Se, a pretexto da ‘refundação’ do memorando, o Governo
estivesse verdadeiramente empenhado em discutir as funções sociais do
Estado – e a sua sustentabilidade futura –, não poderia ter escolhido
ocasião mais inoportuna e disparatada. É que essa discussão, para ser
útil nas actuais circunstâncias, só faria sentido antes de definidas as
linhas mestras do OE, permitindo influenciar a filosofia e os objectivos
orçamentais.
Ao propor-se abrir um debate sobre o papel do
Estado, sobrepondo-o ao tema fundamental da actualidade parlamentar, o
Governo encenou uma fuga em frente para disfarçar a generalizada
convicção – partilhada, inconfessadamente, por ele próprio – de que o OE
para 2013 está, à partida, condenado ao desastre.
Daí o tal
plano B de despesas a cortar, mas que o Governo não sabe ainda onde nem
como.
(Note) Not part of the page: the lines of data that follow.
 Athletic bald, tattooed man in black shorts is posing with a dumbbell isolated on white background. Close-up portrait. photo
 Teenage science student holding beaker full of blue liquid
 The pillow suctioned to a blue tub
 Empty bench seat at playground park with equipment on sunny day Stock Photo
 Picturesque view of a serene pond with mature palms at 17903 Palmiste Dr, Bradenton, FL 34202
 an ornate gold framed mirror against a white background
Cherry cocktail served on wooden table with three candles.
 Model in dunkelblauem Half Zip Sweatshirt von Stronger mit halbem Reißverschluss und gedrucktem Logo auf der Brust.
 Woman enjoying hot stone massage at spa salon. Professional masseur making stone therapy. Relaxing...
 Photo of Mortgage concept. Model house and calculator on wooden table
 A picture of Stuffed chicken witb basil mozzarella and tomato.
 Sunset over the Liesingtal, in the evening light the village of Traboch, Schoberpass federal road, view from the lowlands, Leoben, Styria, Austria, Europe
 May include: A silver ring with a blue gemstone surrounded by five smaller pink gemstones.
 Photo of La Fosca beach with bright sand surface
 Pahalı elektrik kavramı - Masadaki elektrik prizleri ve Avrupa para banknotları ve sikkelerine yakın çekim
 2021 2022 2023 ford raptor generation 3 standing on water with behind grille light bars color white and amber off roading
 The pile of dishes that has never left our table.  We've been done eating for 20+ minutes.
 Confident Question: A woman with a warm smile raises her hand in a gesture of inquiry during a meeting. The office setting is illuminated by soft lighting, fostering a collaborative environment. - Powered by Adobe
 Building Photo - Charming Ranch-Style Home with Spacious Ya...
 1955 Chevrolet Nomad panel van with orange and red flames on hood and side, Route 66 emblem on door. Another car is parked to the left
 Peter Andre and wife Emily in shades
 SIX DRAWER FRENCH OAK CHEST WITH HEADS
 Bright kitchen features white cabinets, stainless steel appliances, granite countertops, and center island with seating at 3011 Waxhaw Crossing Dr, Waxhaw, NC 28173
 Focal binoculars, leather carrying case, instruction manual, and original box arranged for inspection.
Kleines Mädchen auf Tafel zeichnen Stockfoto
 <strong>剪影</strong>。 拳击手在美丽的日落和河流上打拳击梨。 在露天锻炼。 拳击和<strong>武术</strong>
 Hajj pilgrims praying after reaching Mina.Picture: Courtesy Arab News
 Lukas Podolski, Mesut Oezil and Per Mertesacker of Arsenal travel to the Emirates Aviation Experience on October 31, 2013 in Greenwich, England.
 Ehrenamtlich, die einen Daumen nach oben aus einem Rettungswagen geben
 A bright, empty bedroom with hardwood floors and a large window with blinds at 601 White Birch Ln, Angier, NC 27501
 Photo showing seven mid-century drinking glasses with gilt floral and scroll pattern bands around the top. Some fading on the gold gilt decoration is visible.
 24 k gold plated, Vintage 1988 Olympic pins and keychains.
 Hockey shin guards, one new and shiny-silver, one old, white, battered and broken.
Ou, em alternativa desesperada, a bandeira da rendição a um
segundo programa de resgate.
Talvez valha a pena recordar, uma
vez mais, que o OE para 2013 – seguindo a mesma lógica desastrosa do
Orçamento deste ano – virou do avesso os pressupostos do memorando
‘fundador’. Estava aí previsto um esforço de 80 por cento do lado da
despesa e 20 por cento do lado da receita, mas o Governo fez exactamente
o contrário.
Para quem pretendia ser mais troikista do que a
troika, esta subversão reincidente do espírito do memorando já deveria
ter constituído matéria grave de reflexão. E não só por parte do Governo
mas também da troika, ao longo dos sucessivos exames feitos às nossas
contas.
Nada disso aconteceu, porém. Gaspar e o Governo foram
mantendo, ao arrepio dos factos, a imagem de ‘bons alunos’. Afinal, o
que importava à troika era menos um critério essencial do memorando
‘fundador’ do que um resultado contabilístico ‘criativo’, embora
subvertendo ostensivamente esse critério.
Mas as contas não
bateram certo da primeira vez e ninguém duvida de que não vão bater
certo da segunda. Por culpa de quem? Dos dogmáticos intransigentes, dos
que insistiram em mistificar a realidade para atingir objectivos
impossíveis, dos que se renderam com subserviência ou convicção cega à
ortodoxia financeira.
Desde logo, os ciclos repetitivos de
austeridade e os juros dos empréstimos concedidos aos países sob resgate
não só afastam qualquer perspectiva de recuperação e crescimento, como
condenam as respectivas sociedades a uma regressão catastrófica. Até a
Irlanda, ao contrário do que se poderia pensar, se debate hoje com
dificuldades dramáticas para pagar os juros insustentáveis dos
empréstimos utilizados na recapitalização do seu sistema bancário.
Ao
concluir que o próximo OE está prometido a um rotundo fracasso – o que
apenas surpreende quem tanto persistiu num equívoco suicida –, Passos
Coelho socorreu-se do mirífico plano B, para compensar o buraco
financeiro que se avizinha, e da nova fórmula mágica da ‘refundação’ do
memorando, subentendendo através dela uma revisão constitucional que
permita reduzir a escala do Estado e as suas funções sociais.
Só
que o Governo já optara por fechar as portas a esse debate necessário
sobre a sustentabilidade das funções do Estado, ao apresentar um
Orçamento que vai implicar um empobrecimento generalizado da sociedade, o
agravamento da recessão e do desemprego ou a destruição da classe
média. Ou seja: menos receitas, mais encargos sociais.
Com o
alargamento das camadas da população condenadas à precariedade e
dependentes da assistência estatal para sobreviverem, que espaço resta
para repensar as funções do Estado e reformar o seu papel no futuro?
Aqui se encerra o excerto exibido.